## What you need to do
In the records below, the relevant part opens with the line containing "asian_delight_ — 24" and closes with the line containing "EST-VC-001_6-WM.JPG"; print that part exactly and only, without its pictures.

## Input

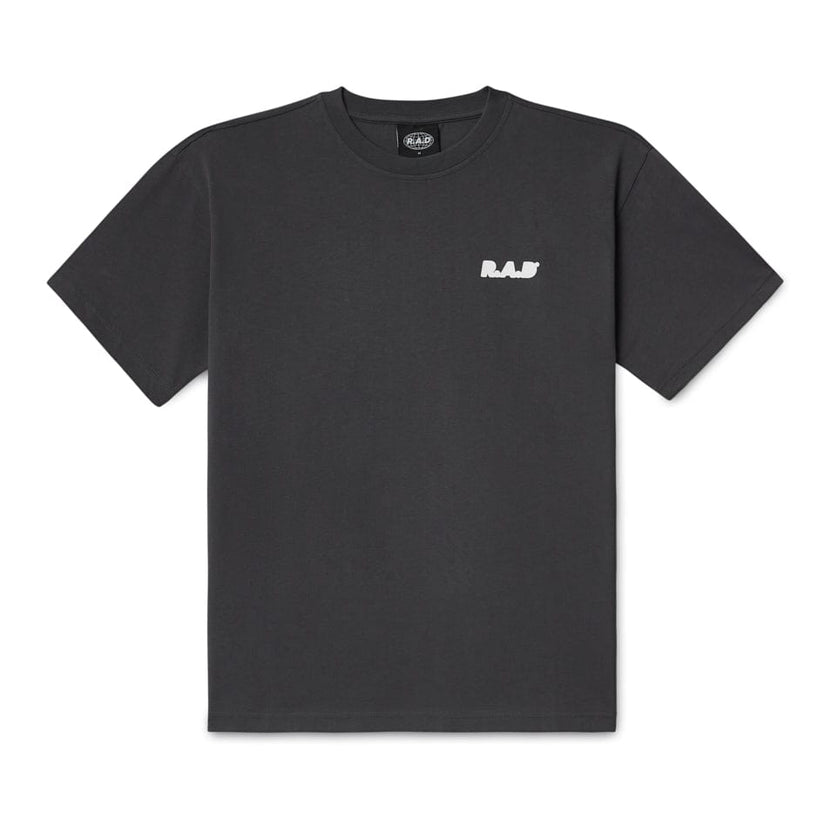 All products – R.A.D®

==

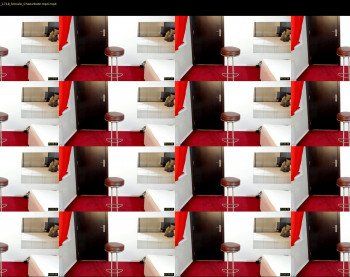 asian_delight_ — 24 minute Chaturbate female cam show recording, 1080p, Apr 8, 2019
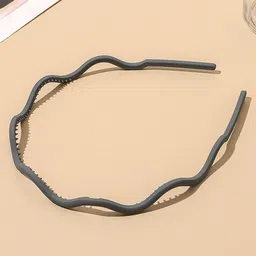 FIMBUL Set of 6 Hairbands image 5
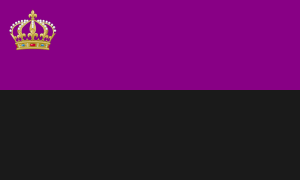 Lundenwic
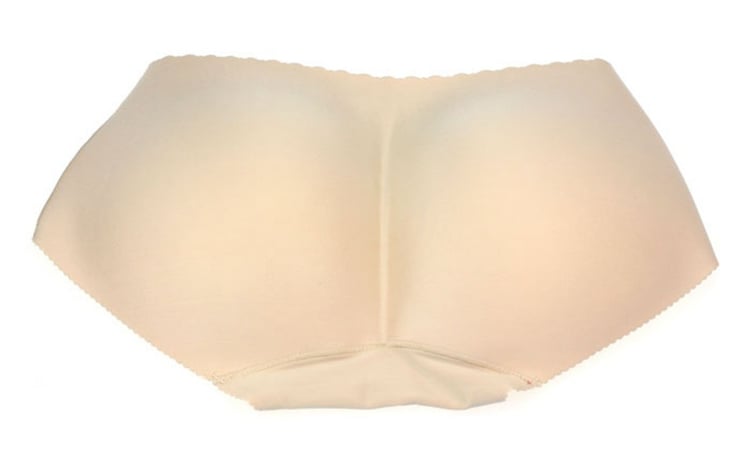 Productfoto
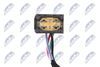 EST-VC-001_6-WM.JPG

---

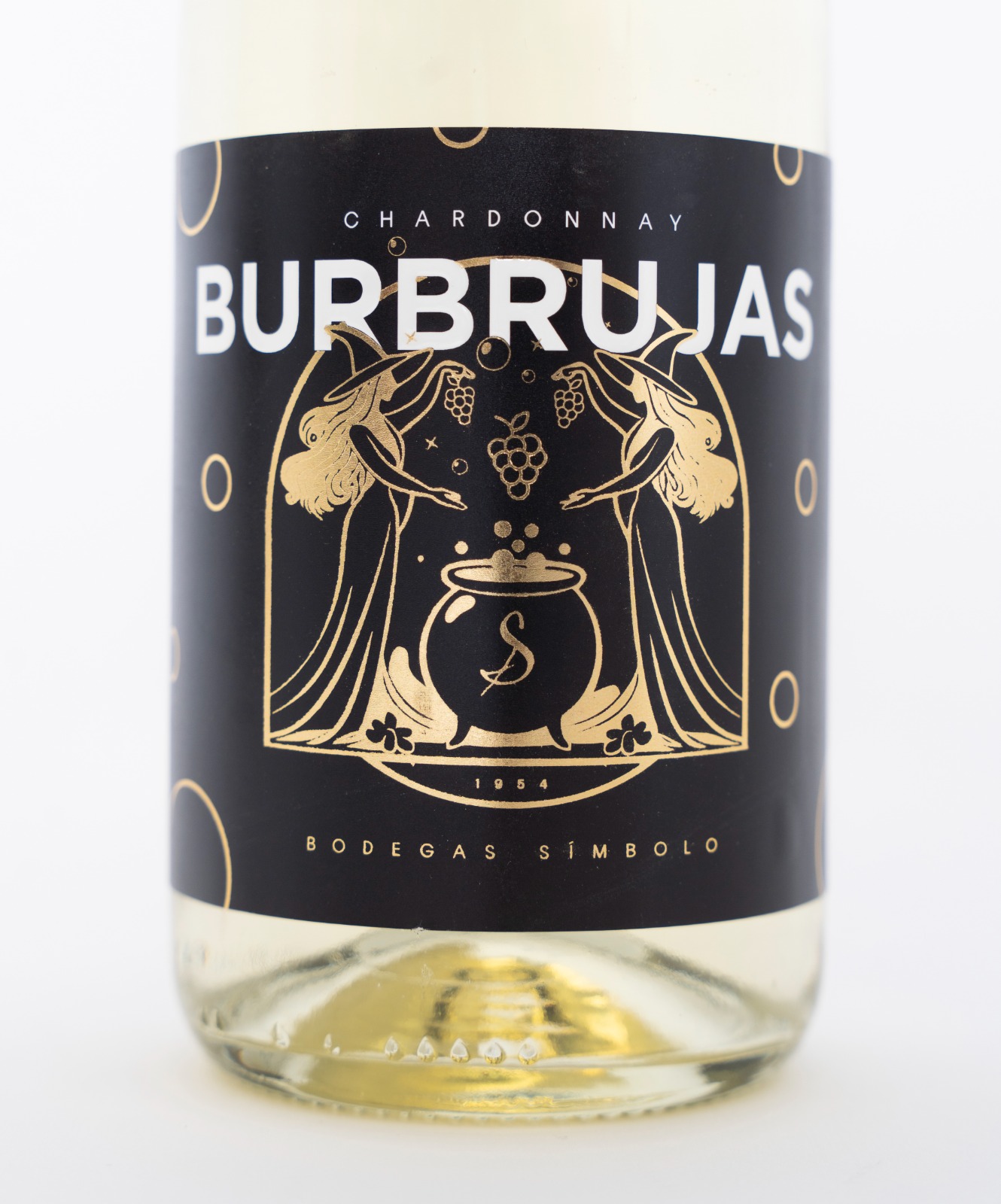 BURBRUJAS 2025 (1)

## Solution to this exercise
 asian_delight_ — 24 minute Chaturbate female cam show recording, 1080p, Apr 8, 2019
 FIMBUL Set of 6 Hairbands image 5
 Lundenwic
 Productfoto
 EST-VC-001_6-WM.JPG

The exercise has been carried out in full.